What to do » Copy the records word for word, omitting all pictures.

[Stored data]

--

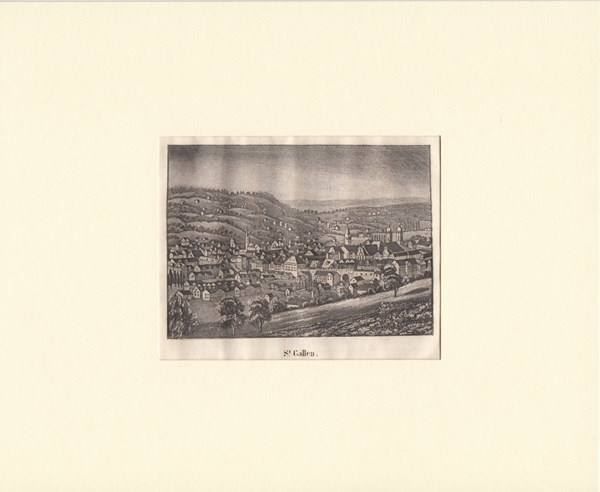 Stiche: ST. GALLEN, AQUATINTA UM 1840 – Antik aus Grüningen von Kartensammler 1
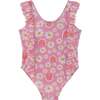 Daisy Ruffle One-Piece Swim Suit, Pink - One Pieces - 4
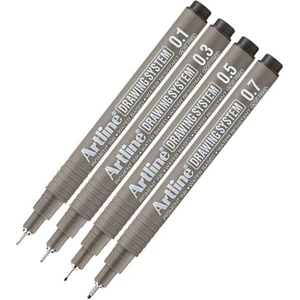 Teknik Çizim Kalemi 0.1 - 0.3 - 0.5 - 0.7 mm Siyah 4 Lü Set Artline Drawing Teknik Çizim Kalemi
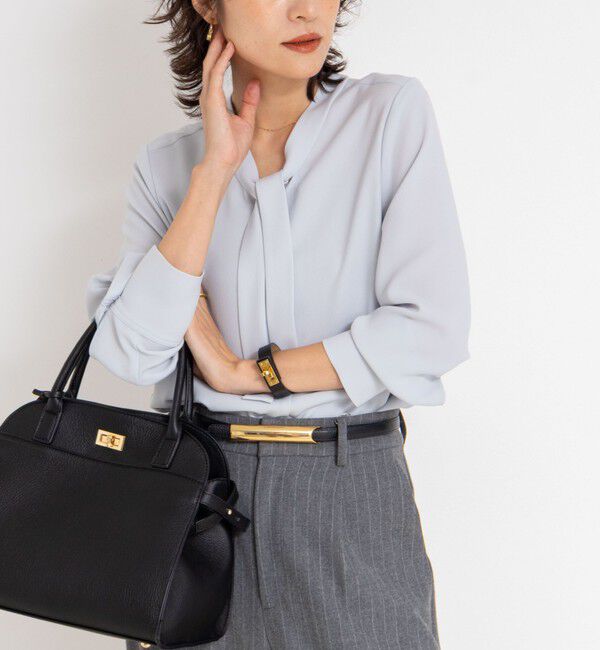 NOLLEY'S sophi「ウォッシャブルストレッチバックサテンボウタイブラウス」|シャツ・ブラウス|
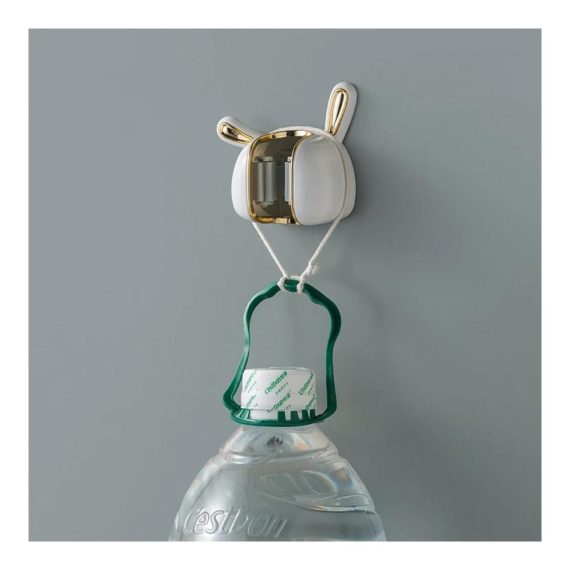 Wandmontage Mopphalter Set - 3 Stück Kaninchenförmig Badezimmer Besen Mopp Klemme Mehrzweckhaken für Mopp Lagerung Rack in Weiß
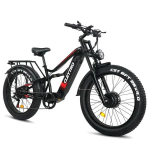 Tifgalop ES7PRO naujas elektrinis dviratis suaugusiems 1500W dviejų variklių EBike 52V 21AH Baterinis hidraulinis stabdys 60km/h 26'' Fat Tire Droselis MTB dviratis ES7PRO-Black
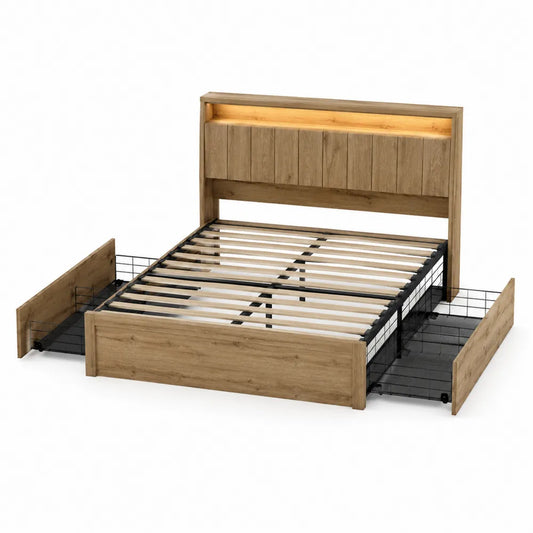Cama de madera con almacenaje e iluminación LED 200x160 cm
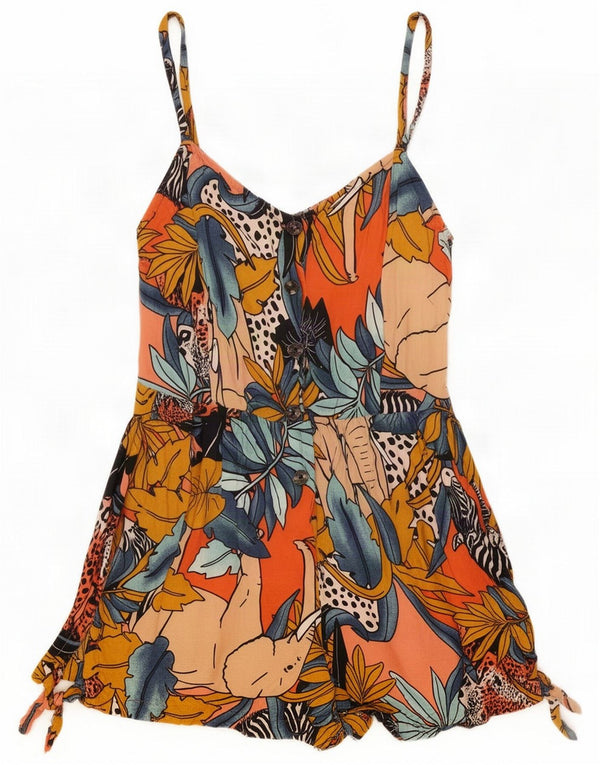 Tuta corta da donna senza maniche Element UK 10 piccola in rayon floreale multicolore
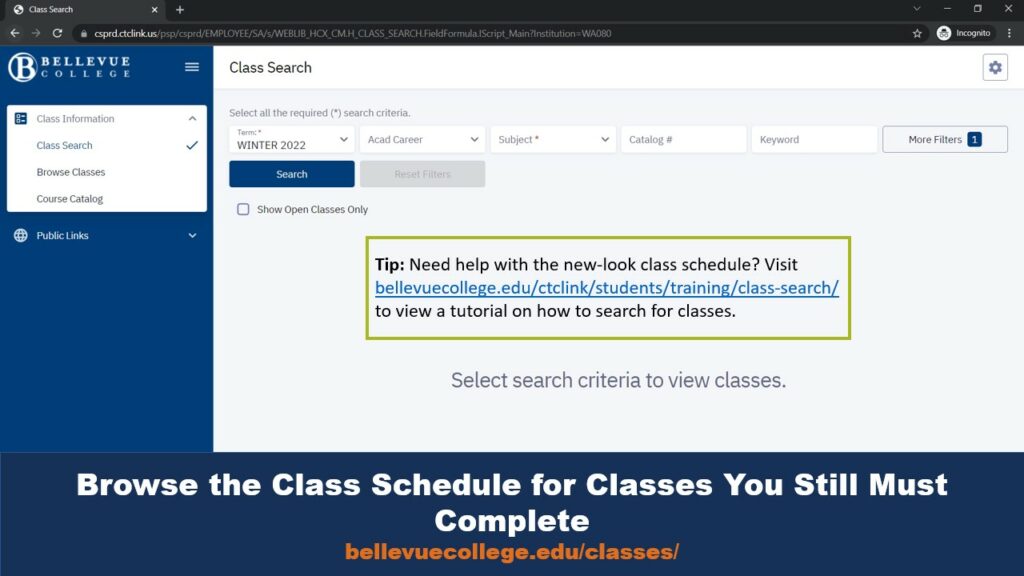 Picture that shows the class search page on the Bellevue College website. A tip box gives a link to the webpage.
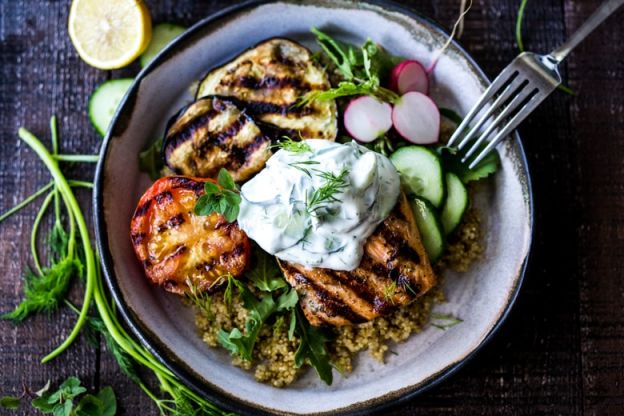 Grilled Salmon Tzatziki Bowls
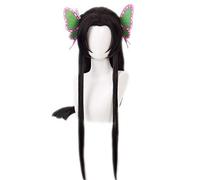 LINLINCD Cosplay wig Kochou Kanae Cosplay peluca anime matademonios kimetsu no yaiba disfraces de Halloween mariposa accesorios para el cabello peluca de pelo sintético peluca y dos mariposas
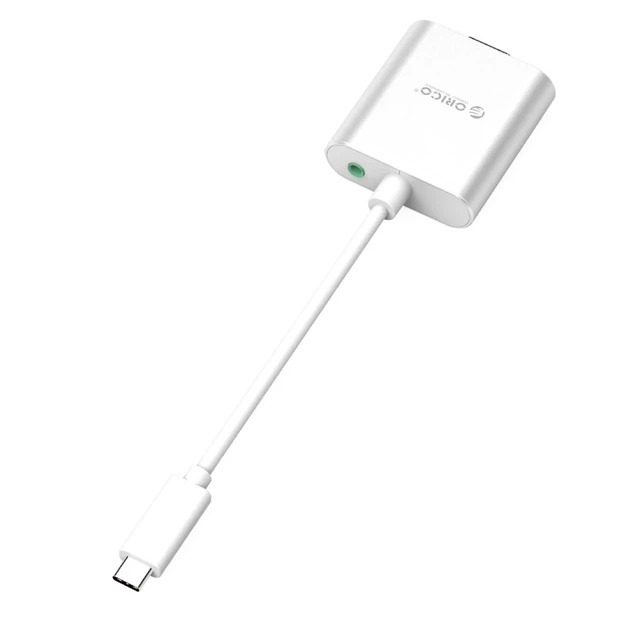 Адаптер Orico PTAV USB-C to VGA + 3.5 мм Jack 0.15 м Silver (6936761838993) - зображення 2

--

Result of this task »
 Stiche: ST. GALLEN, AQUATINTA UM 1840 – Antik aus Grüningen von Kartensammler 1
 Daisy Ruffle One-Piece Swim Suit, Pink - One Pieces - 4
 Teknik Çizim Kalemi 0.1 - 0.3 - 0.5 - 0.7 mm Siyah 4 Lü Set Artline Drawing Teknik Çizim Kalemi
 NOLLEY'S sophi「ウォッシャブルストレッチバックサテンボウタイブラウス」|シャツ・ブラウス|
 Wandmontage Mopphalter Set - 3 Stück Kaninchenförmig Badezimmer Besen Mopp Klemme Mehrzweckhaken für Mopp Lagerung Rack in Weiß
 Tifgalop ES7PRO naujas elektrinis dviratis suaugusiems 1500W dviejų variklių EBike 52V 21AH Baterinis hidraulinis stabdys 60km/h 26'' Fat Tire Droselis MTB dviratis ES7PRO-Black
Cama de madera con almacenaje e iluminación LED 200x160 cm
 Tuta corta da donna senza maniche Element UK 10 piccola in rayon floreale multicolore
 Picture that shows the class search page on the Bellevue College website. A tip box gives a link to the webpage.
 Grilled Salmon Tzatziki Bowls
 LINLINCD Cosplay wig Kochou Kanae Cosplay peluca anime matademonios kimetsu no yaiba disfraces de Halloween mariposa accesorios para el cabello peluca de pelo sintético peluca y dos mariposas
 Адаптер Orico PTAV USB-C to VGA + 3.5 мм Jack 0.15 м Silver (6936761838993) - зображення 2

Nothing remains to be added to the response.